Later that night, I asked my mother. "What does it mean if someone says Daughter of Judas?" She shared with me that it was a deep insult given to someone who would betray anyone and everyone in their lives. The scowl on my face probably told her all she needed to know, but when she asked me how I had come by that phrase, I neatly lied and said I had heard it on TV. I don't know what she would have done had I told her, and I don't doubt she would have hunted that woman down and forced an apology, but I had already been burnt by this insult, and I just wanted to seethe alone.
The Angry Redhead
The combination of my views on religions, Christianity in particular, and having blazing copper colored hair has gotten me called angry quite often. And even without the standpoint on religion, redheads are often accused of being angry simply because they can be fairly quick to jump up and get real loud to defend themselves in any battle, verbal or physical.
The thing is, I am not an angry person. I am utterly as laid back as someone can be without sleeping. Nothing really riles me. I don't sit behind my screen and grit my teeth, worry about the woes of the world, or pound my keyboard over random idiots on the internet, and we all know there are a lot of them.
Maybe the bigger problem is that because I believe in live and let live when someone brings an unwanted issue to me I get really pissed off about it. How dare you invade my life with your nonsense? So how does defending oneself against the injustices of life make me angry? Well, if you truly believe that, then you also need to show due respect and honor to those who are 'angry' because in the past, and in the future, these were the warriors of your world.
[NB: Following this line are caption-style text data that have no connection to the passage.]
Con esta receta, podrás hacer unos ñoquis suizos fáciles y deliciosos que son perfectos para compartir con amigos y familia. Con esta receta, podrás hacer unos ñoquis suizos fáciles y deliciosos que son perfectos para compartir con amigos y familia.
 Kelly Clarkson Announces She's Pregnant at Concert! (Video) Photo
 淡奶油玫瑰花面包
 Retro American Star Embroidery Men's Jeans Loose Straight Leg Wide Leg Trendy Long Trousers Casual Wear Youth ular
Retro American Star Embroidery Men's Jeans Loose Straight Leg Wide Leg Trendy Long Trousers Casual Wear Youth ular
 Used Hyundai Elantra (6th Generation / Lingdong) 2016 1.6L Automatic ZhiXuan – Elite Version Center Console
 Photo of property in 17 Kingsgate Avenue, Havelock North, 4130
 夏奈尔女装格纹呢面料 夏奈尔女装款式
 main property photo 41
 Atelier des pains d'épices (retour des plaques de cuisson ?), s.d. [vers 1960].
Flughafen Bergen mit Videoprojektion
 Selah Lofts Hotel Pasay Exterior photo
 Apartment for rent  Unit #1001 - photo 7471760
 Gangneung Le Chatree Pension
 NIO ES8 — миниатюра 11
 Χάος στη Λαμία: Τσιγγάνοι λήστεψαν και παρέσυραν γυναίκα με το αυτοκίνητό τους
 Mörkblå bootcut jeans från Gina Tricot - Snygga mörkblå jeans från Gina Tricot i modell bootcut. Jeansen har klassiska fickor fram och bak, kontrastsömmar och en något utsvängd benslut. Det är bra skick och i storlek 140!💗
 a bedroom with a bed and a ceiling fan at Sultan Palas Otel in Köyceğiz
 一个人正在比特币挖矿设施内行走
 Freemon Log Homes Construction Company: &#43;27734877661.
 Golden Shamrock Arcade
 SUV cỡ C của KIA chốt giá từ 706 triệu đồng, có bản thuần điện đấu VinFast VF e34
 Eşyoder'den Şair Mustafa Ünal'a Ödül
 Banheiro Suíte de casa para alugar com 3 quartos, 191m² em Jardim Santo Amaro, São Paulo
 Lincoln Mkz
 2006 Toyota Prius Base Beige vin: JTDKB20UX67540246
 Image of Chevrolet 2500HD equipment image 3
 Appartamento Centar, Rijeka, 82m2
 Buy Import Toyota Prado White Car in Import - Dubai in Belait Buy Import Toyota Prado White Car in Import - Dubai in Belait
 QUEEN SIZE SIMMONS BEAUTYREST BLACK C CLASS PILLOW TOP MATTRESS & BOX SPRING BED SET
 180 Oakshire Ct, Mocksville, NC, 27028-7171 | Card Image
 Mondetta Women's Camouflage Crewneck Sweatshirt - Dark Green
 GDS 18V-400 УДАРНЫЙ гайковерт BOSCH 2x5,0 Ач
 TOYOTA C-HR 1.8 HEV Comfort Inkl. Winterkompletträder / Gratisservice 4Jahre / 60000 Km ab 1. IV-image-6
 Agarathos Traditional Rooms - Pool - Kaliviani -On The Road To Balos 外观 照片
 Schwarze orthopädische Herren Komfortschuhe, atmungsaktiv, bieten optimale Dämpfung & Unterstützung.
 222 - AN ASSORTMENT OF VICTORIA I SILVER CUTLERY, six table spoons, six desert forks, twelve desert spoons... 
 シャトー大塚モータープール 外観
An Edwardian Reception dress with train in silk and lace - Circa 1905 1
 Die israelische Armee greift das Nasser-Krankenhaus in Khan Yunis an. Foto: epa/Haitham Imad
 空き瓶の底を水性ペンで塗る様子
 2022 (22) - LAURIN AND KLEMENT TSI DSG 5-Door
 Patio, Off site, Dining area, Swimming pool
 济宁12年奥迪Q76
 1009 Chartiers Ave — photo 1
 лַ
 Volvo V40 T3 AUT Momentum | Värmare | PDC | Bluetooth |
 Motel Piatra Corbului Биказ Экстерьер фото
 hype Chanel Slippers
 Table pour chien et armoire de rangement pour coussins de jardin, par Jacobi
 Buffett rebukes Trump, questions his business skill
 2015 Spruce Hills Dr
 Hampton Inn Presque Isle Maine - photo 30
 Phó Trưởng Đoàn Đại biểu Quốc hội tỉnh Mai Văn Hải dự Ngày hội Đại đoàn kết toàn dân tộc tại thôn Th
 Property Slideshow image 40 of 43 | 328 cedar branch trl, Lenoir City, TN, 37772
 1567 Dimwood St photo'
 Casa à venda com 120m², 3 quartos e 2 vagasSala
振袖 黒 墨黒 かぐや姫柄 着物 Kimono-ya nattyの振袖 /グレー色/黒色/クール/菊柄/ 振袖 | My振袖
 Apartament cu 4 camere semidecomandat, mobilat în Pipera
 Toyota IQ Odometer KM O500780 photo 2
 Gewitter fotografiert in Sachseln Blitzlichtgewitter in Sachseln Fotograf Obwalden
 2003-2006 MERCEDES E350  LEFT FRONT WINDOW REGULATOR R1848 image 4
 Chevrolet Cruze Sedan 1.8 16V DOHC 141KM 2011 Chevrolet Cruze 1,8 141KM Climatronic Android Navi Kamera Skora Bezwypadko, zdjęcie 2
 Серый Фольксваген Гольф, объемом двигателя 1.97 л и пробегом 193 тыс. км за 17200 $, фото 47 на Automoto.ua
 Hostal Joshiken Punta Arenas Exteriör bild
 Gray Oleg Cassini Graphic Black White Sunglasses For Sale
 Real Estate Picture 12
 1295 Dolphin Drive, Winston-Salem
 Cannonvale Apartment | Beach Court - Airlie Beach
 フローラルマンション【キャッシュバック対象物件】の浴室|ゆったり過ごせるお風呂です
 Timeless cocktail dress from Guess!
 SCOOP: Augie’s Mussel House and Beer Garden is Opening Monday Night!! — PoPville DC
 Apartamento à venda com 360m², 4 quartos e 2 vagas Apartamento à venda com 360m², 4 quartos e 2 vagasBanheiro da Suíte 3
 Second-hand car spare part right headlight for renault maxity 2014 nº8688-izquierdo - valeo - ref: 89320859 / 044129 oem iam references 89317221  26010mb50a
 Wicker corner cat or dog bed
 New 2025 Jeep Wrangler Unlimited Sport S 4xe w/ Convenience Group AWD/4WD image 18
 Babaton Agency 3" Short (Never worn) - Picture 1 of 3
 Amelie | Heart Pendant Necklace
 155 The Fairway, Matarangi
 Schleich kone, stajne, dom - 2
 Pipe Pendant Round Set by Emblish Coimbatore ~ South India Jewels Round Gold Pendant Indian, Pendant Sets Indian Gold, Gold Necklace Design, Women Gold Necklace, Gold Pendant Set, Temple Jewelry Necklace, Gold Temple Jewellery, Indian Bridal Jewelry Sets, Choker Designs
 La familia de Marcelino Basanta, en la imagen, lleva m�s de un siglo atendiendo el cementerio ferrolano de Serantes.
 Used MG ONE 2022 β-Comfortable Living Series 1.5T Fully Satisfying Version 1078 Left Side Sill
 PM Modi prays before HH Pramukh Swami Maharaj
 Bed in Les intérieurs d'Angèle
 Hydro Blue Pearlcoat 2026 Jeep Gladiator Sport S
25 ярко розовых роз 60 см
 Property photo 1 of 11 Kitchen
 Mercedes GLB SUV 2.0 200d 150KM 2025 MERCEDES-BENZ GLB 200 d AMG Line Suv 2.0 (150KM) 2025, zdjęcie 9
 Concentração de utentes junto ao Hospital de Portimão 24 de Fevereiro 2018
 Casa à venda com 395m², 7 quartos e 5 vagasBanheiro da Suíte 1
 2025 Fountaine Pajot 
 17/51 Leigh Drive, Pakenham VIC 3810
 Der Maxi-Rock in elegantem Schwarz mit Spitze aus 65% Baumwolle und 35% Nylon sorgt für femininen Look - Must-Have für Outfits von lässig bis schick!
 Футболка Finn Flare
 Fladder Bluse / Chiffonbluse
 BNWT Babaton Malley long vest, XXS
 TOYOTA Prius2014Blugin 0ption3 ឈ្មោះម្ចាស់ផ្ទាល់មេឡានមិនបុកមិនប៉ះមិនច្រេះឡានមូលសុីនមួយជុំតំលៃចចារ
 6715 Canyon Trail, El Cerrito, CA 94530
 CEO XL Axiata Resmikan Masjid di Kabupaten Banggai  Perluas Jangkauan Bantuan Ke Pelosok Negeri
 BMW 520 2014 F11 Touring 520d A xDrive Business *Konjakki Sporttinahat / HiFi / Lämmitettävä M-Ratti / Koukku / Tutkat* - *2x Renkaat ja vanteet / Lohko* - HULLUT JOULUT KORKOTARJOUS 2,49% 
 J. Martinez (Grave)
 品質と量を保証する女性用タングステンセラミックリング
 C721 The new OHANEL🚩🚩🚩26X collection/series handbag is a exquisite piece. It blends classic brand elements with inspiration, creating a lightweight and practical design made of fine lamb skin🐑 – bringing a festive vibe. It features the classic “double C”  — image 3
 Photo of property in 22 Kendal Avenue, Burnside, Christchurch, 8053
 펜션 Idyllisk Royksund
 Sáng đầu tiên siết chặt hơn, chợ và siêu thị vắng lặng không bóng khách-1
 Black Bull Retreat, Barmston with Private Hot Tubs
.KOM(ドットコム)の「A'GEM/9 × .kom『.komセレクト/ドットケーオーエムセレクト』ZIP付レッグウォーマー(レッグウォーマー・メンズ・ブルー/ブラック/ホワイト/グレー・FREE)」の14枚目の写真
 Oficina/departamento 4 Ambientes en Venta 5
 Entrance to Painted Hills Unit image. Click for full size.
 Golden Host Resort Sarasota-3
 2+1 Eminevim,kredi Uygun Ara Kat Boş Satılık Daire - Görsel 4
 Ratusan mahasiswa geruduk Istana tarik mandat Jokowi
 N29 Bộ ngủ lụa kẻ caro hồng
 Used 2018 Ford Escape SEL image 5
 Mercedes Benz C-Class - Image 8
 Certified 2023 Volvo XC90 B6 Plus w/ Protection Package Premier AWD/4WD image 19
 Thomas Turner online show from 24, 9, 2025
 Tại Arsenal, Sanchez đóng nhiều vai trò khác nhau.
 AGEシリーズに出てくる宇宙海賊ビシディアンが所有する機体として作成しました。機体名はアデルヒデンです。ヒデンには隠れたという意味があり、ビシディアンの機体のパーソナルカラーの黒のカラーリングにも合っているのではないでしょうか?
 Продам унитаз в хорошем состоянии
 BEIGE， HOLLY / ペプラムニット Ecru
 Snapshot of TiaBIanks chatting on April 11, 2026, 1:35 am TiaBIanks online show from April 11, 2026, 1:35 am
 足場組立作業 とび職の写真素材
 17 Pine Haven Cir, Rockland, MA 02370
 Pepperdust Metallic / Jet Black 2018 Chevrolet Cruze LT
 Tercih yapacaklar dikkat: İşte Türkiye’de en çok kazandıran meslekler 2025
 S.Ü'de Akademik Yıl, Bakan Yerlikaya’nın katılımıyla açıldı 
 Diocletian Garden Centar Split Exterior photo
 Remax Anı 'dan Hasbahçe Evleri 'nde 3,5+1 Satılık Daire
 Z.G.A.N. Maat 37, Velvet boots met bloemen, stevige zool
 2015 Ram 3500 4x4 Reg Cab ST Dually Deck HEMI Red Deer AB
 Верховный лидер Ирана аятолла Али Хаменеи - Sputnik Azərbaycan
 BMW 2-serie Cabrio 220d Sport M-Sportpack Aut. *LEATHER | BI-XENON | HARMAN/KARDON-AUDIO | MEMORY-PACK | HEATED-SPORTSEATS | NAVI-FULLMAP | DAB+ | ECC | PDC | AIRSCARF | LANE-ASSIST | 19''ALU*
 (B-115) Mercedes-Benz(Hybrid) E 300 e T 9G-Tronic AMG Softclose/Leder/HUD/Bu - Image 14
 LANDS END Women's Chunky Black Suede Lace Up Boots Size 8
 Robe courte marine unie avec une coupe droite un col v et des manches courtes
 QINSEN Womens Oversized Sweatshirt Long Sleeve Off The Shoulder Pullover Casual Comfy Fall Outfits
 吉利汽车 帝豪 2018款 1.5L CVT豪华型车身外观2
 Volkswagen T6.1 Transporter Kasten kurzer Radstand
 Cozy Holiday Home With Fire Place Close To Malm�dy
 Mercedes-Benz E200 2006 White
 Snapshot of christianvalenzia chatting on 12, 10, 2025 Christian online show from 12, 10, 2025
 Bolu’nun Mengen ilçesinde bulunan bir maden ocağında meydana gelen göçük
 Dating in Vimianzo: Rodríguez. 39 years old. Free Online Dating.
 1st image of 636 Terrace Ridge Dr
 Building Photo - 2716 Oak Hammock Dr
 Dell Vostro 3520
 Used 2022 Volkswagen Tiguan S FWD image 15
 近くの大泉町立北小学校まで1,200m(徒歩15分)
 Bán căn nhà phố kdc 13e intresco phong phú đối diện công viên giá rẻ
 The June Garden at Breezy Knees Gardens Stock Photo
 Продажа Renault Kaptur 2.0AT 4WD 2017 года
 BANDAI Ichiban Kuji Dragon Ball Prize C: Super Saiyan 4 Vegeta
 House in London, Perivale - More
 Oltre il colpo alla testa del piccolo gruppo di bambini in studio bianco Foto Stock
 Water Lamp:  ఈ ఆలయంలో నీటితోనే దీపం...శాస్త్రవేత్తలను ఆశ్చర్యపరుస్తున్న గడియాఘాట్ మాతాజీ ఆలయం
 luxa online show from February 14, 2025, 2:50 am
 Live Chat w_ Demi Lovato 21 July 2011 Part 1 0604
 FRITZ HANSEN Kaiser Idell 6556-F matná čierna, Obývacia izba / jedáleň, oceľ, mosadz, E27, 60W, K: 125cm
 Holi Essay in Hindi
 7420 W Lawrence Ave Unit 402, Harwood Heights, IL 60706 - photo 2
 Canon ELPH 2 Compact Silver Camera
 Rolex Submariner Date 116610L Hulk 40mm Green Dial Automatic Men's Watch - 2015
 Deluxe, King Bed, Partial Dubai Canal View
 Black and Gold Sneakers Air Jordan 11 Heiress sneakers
It's funny; I was a very scrawny kid. I never got in fights until junior high school, and then only 2. But I was also always the first girl picked in school sports, the first one chosen in contests of strength, intelligence, and academics.
In general, women have always treated me far worse than men. There is definitely some truth in the fact that there is a lingering unspoken vibe that the Bible brought into the picture, the one that assumes redheads are sexually promiscuous. However, it is also true that the men perpetuate this nonsense by always thinking they have to pay special attention to a redhead in the room, likely annoying their girlfriends for many reasons. Quite bluntly, men, these days seem to feel like they have to have at least one redhead under their belt, and women of all hair colors know this. It doesn't make things easy for the redheads that really don't want your boyfriend, husband, or partner.